(Information supplied)
⟨

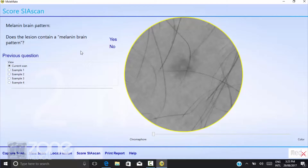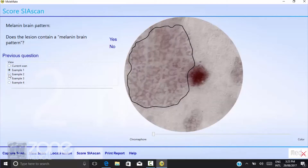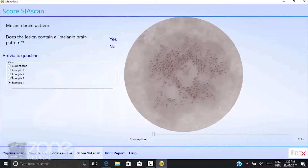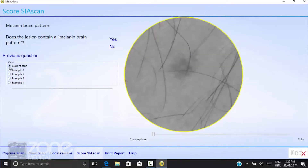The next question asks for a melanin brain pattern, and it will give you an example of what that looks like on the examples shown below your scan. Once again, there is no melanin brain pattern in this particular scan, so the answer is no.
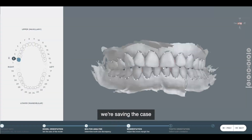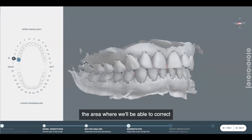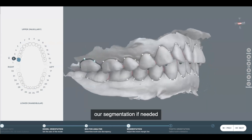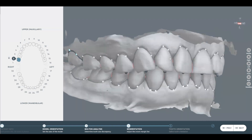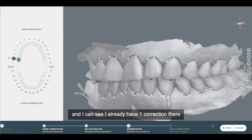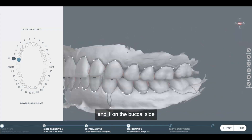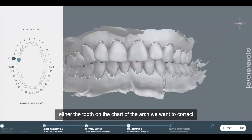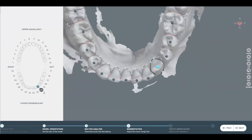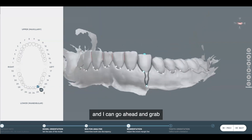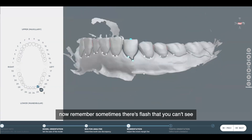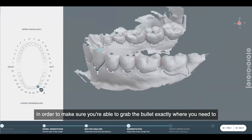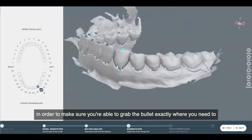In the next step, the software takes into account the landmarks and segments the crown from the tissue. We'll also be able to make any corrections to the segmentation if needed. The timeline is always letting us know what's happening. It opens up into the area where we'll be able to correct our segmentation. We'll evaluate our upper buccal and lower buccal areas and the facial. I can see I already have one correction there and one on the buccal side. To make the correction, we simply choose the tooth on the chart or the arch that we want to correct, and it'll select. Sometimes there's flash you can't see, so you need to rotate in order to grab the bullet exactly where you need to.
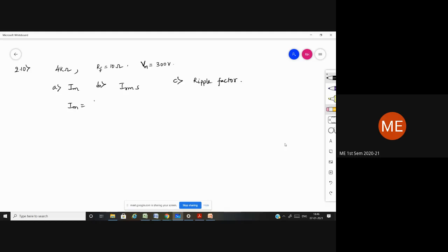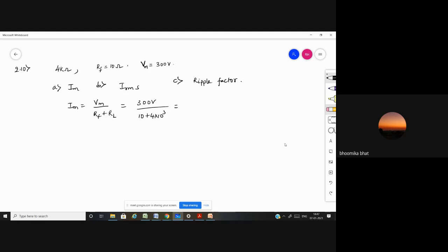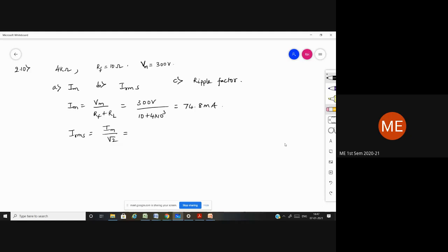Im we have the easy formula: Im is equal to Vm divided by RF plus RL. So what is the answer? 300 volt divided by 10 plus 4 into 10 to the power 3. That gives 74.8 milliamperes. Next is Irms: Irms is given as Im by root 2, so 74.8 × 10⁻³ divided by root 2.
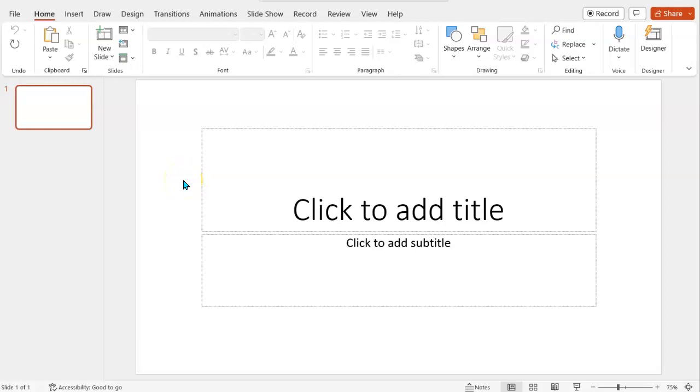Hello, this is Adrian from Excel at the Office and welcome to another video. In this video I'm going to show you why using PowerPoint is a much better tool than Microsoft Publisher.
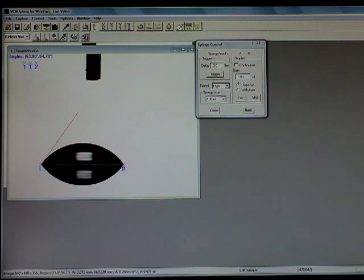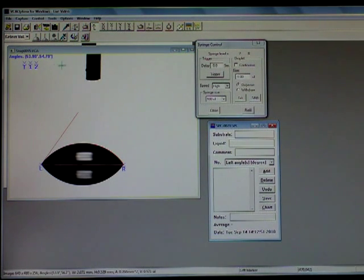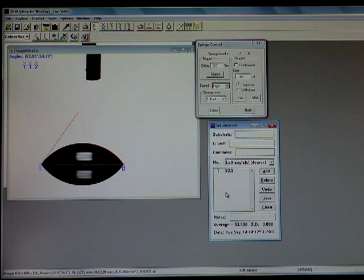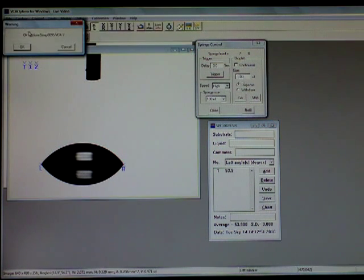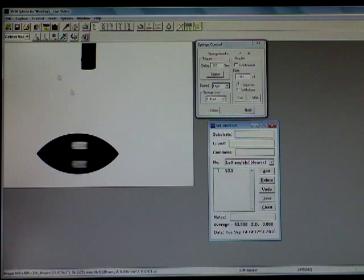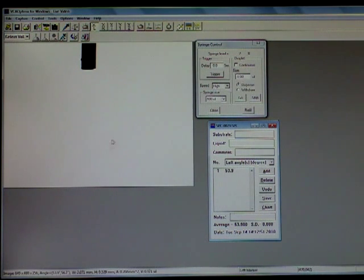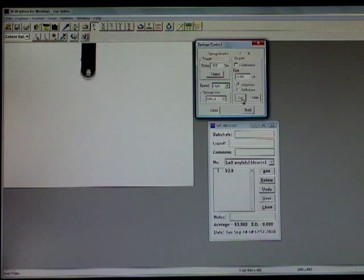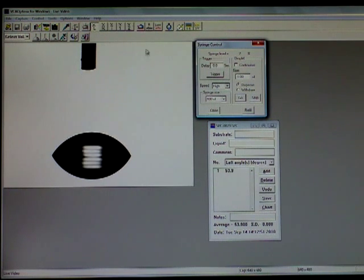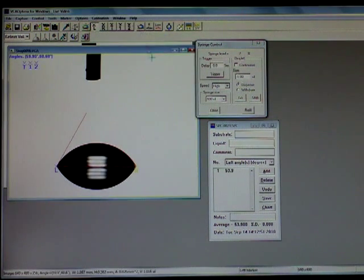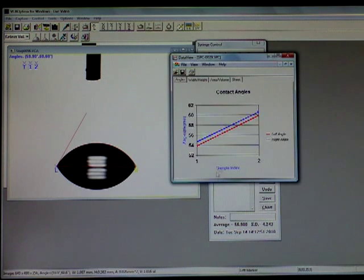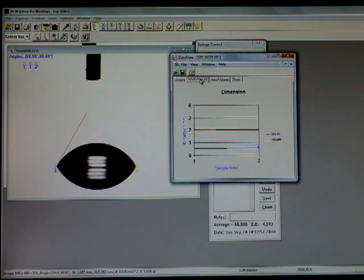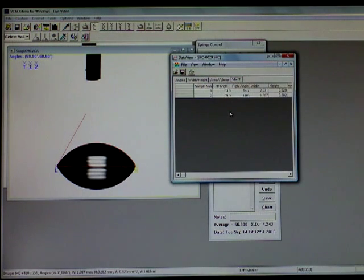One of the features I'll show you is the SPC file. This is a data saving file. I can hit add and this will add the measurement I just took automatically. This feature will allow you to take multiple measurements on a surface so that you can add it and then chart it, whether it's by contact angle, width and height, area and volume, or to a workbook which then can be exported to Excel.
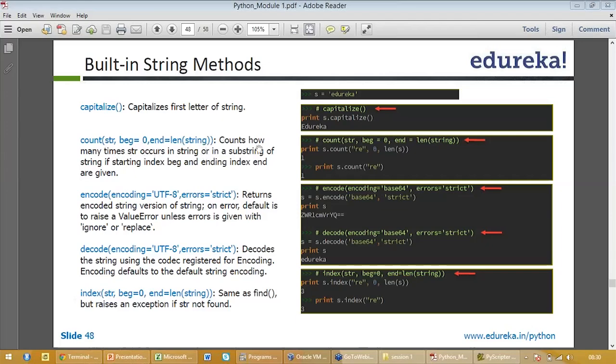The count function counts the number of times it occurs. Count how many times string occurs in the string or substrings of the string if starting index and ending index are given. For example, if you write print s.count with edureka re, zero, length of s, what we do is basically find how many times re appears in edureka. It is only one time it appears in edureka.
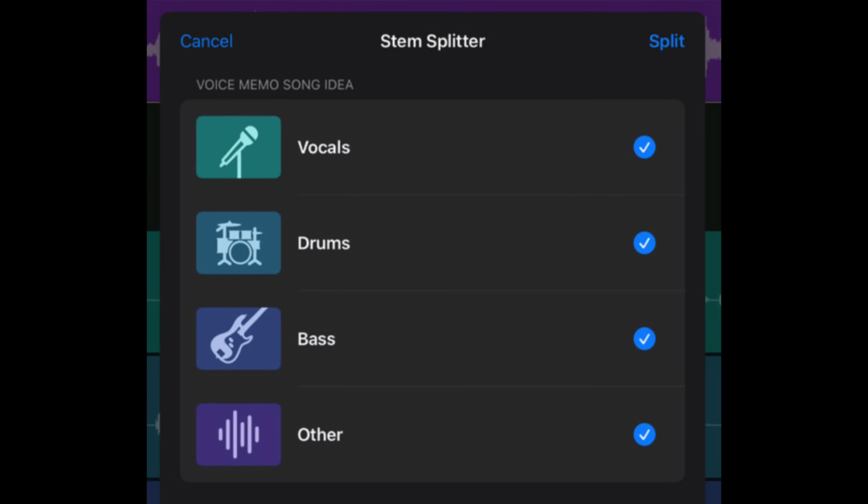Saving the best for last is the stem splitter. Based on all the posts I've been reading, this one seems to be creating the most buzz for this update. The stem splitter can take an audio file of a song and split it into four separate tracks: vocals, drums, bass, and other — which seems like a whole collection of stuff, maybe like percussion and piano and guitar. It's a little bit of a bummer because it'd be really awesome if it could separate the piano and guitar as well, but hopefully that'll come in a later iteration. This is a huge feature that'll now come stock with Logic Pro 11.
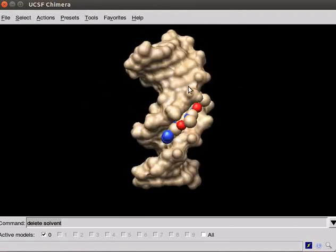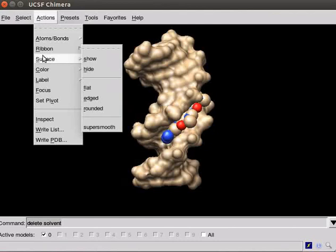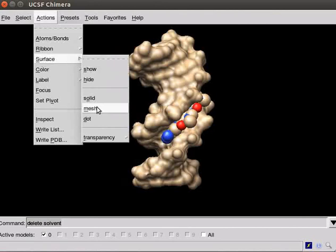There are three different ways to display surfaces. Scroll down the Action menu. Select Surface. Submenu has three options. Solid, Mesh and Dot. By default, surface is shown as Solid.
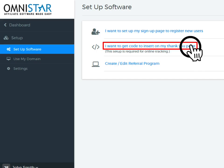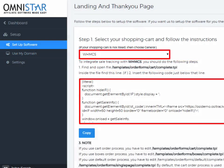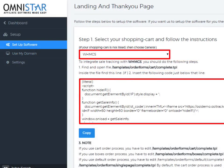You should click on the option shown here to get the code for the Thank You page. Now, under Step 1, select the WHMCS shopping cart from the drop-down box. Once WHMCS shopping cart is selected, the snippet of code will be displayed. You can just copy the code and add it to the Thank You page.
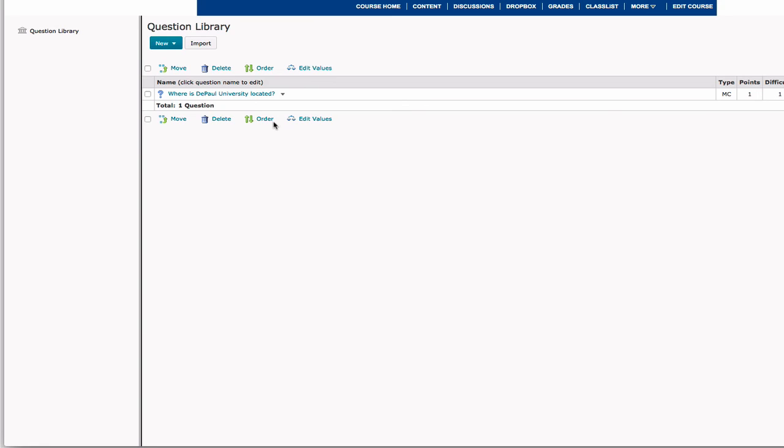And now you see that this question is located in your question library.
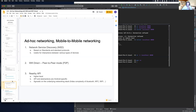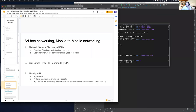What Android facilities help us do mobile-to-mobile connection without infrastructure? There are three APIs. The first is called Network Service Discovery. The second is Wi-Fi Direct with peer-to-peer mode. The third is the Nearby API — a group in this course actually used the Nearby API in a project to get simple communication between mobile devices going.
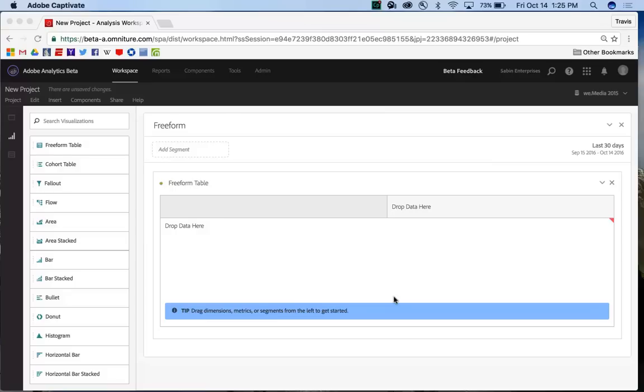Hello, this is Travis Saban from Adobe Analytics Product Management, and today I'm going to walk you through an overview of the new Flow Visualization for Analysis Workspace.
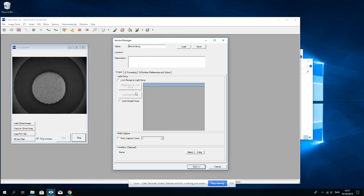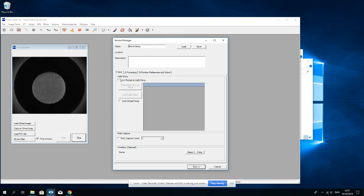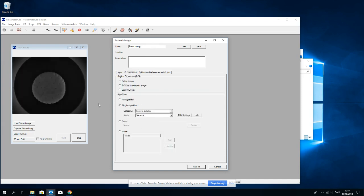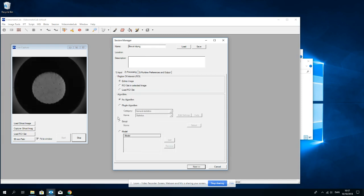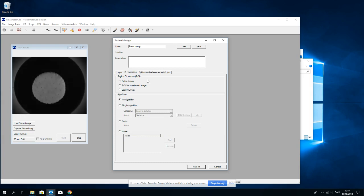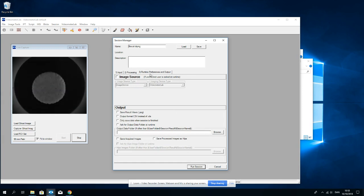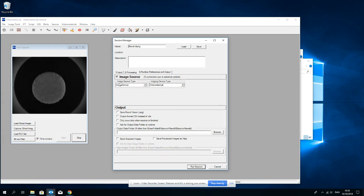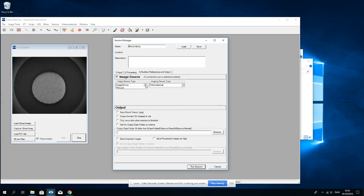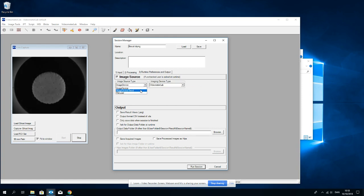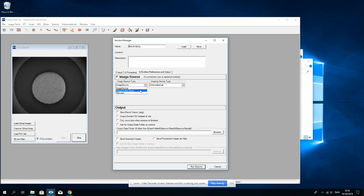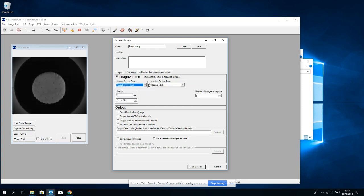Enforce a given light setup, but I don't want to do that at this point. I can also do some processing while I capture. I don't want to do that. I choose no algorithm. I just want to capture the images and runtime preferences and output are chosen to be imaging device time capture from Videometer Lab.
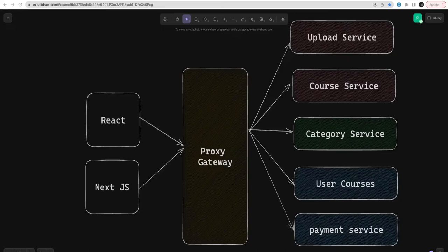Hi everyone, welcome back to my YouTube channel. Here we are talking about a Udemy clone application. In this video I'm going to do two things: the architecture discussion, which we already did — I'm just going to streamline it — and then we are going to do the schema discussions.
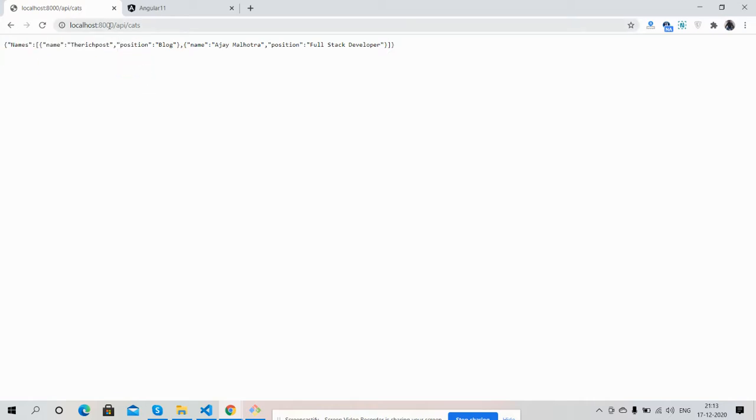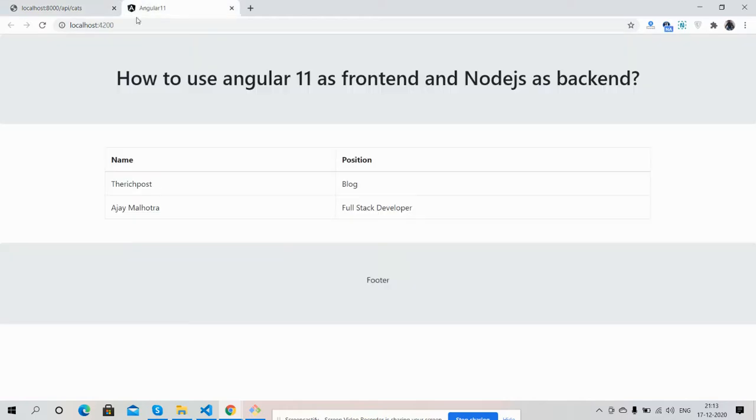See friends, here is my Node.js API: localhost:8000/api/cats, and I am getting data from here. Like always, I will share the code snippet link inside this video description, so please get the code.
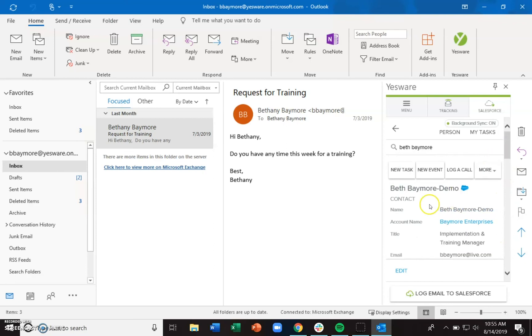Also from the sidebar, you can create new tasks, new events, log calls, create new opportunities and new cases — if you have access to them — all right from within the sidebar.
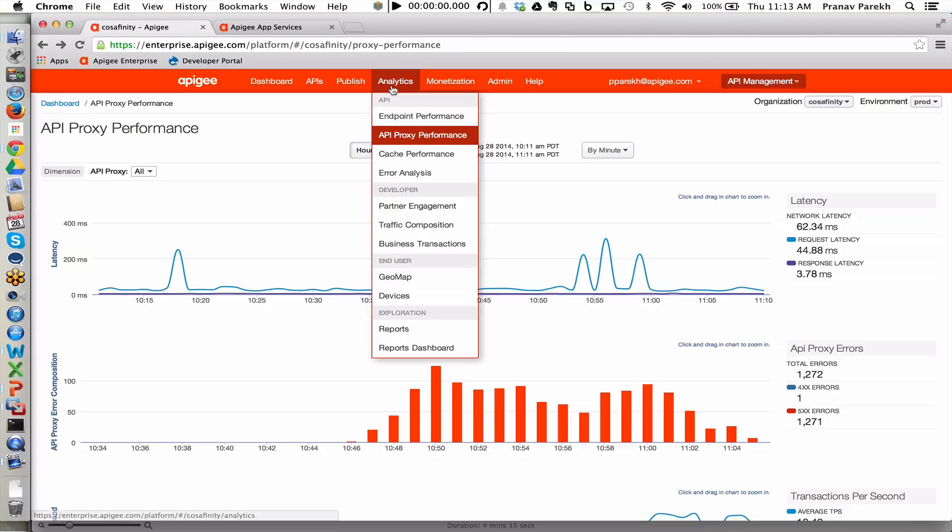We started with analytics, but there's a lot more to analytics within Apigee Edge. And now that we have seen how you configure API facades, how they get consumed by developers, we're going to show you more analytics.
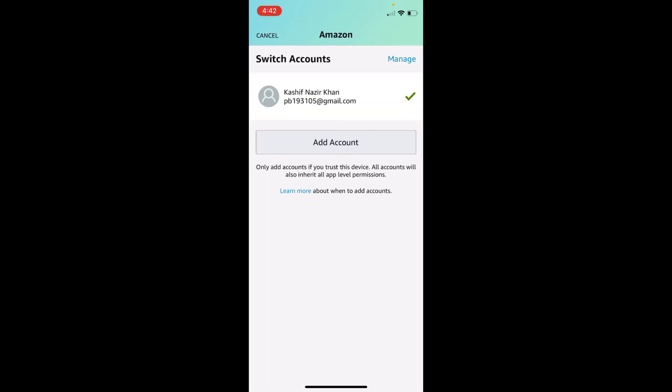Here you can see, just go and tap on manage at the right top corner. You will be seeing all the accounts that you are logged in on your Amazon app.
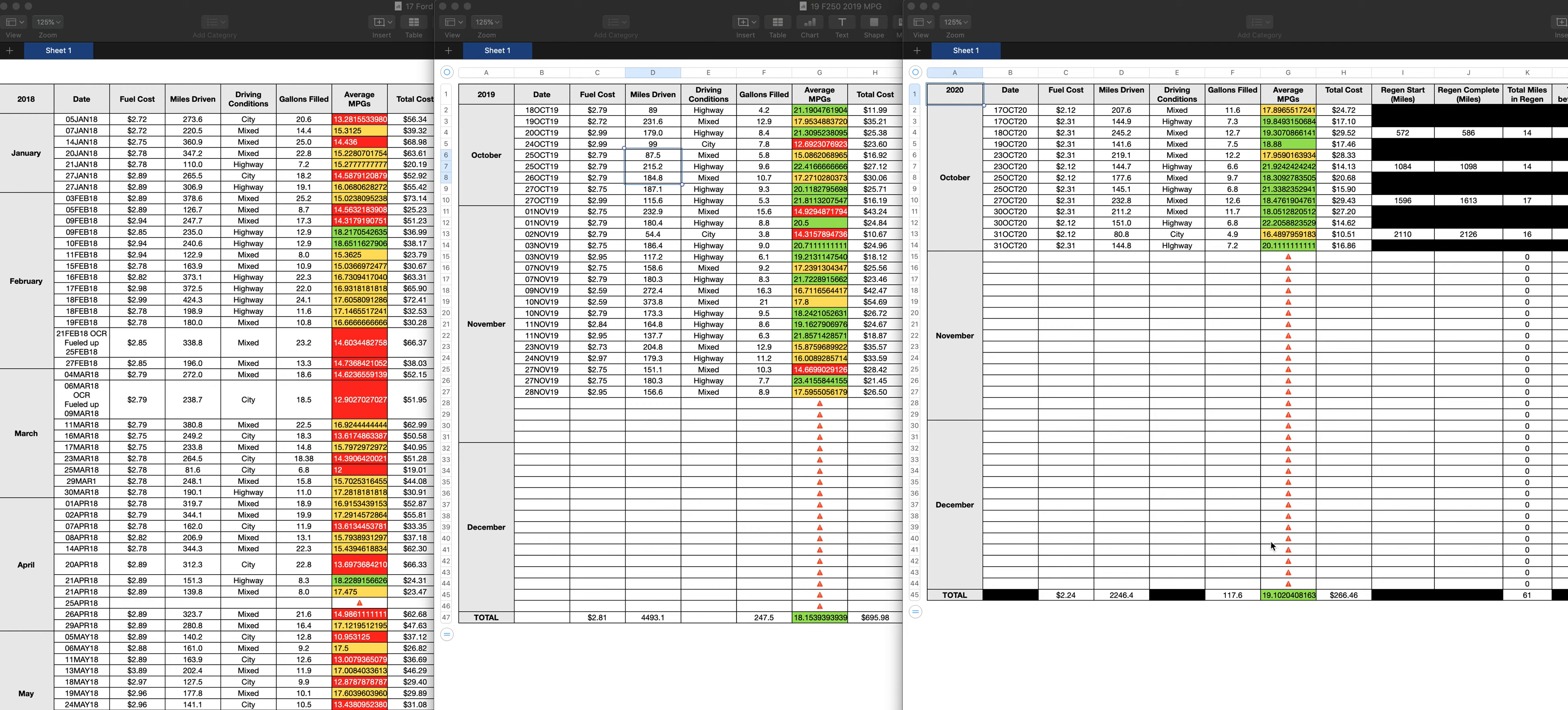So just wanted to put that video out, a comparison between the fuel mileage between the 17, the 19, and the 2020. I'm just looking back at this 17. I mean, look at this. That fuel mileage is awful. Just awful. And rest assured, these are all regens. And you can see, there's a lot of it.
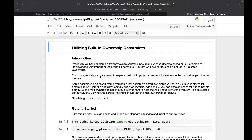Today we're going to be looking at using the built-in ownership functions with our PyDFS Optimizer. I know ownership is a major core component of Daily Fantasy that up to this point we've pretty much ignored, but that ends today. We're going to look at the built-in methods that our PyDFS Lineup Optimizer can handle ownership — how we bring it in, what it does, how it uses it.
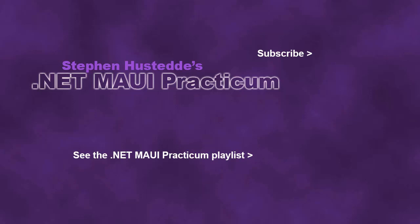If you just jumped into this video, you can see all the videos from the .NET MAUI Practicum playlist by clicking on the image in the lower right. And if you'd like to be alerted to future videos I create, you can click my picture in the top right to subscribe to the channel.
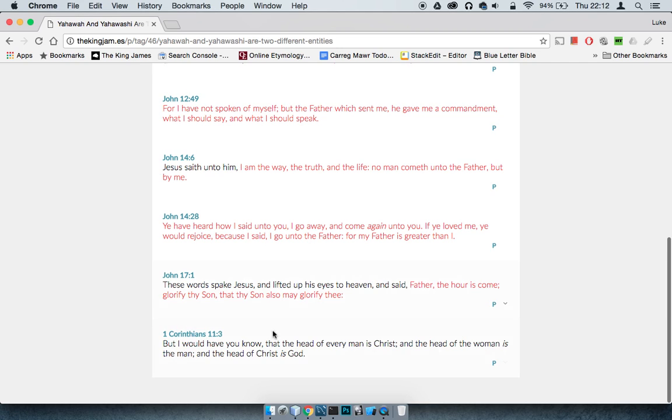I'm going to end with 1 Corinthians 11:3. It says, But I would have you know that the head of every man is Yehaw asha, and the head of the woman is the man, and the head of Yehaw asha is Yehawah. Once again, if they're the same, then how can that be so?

⟩

(Task statement) Everything from the first line of the entries above through the line with "Hello, this is Adrian" should be duplicated exactly, except the pictures.

(Solution to the exercise)
The next question asks for a melanin brain pattern, and it will give you an example of what that looks like on the examples shown below your scan. Once again, there is no melanin brain pattern in this particular scan, so the answer is no.
In the next step, the software takes into account the landmarks and segments the crown from the tissue. We'll also be able to make any corrections to the segmentation if needed. The timeline is always letting us know what's happening. It opens up into the area where we'll be able to correct our segmentation. We'll evaluate our upper buccal and lower buccal areas and the facial. I can see I already have one correction there and one on the buccal side. To make the correction, we simply choose the tooth on the chart or the arch that we want to correct, and it'll select. Sometimes there's flash you can't see, so you need to rotate in order to grab the bullet exactly where you need to.
Im we have the easy formula: Im is equal to Vm divided by RF plus RL. So what is the answer? 300 volt divided by 10 plus 4 into 10 to the power 3. That gives 74.8 milliamperes. Next is Irms: Irms is given as Im by root 2, so 74.8 × 10⁻³ divided by root 2.
Hello, this is Adrian from Excel at the Office and welcome to another video. In this video I'm going to show you why using PowerPoint is a much better tool than Microsoft Publisher.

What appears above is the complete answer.